*** Opening of MATERIAL FOR THE TASK ***

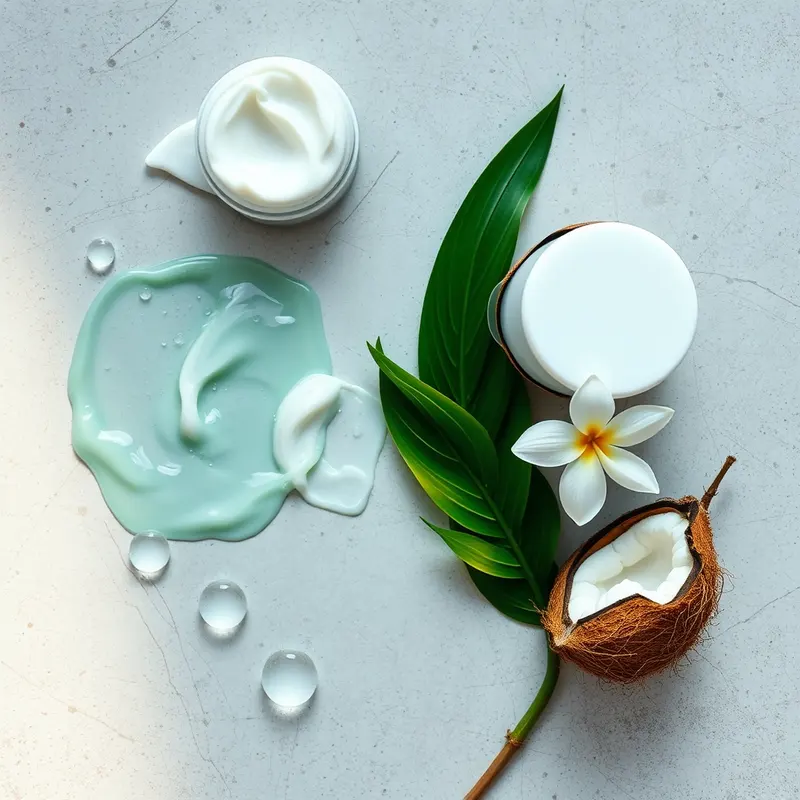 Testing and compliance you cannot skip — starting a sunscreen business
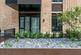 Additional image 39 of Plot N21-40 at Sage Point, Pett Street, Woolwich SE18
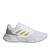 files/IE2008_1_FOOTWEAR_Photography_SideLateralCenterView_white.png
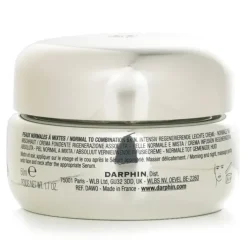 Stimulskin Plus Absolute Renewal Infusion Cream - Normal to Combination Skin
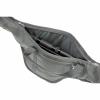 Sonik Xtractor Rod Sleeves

*** Close of MATERIAL FOR THE TASK ***
*** Opening of MATERIAL FOR THE TASK ***

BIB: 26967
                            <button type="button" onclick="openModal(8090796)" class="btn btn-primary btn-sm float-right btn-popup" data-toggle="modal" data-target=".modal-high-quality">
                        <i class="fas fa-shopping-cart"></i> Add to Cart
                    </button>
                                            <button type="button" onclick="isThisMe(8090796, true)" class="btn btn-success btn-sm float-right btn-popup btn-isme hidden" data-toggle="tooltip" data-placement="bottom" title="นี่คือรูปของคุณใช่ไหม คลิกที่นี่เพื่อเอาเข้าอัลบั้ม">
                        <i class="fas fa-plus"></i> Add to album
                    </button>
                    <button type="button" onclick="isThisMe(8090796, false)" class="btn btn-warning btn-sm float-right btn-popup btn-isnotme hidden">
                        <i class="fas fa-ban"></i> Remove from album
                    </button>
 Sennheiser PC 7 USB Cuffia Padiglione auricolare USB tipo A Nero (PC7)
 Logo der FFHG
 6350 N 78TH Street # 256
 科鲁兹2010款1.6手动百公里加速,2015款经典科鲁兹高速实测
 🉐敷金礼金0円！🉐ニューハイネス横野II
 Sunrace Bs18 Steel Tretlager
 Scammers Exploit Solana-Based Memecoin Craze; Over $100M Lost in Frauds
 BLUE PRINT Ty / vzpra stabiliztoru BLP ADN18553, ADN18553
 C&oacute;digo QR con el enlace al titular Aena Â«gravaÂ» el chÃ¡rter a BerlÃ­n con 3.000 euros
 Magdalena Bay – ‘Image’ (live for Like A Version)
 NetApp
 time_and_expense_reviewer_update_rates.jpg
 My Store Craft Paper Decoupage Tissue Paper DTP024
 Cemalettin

*** Close of MATERIAL FOR THE TASK ***

- _TASK TO CARRY OUT_
Please output, exactly as written, the lines above from the one holding "Testing and compliance" through the one holding "Sonik Xtractor Rod Sleeves", both included, with the pictures omitted.

- _EXPECTED ANSWER_
 Testing and compliance you cannot skip — starting a sunscreen business
 Additional image 39 of Plot N21-40 at Sage Point, Pett Street, Woolwich SE18
 files/IE2008_1_FOOTWEAR_Photography_SideLateralCenterView_white.png
 Stimulskin Plus Absolute Renewal Infusion Cream - Normal to Combination Skin
 Sonik Xtractor Rod Sleeves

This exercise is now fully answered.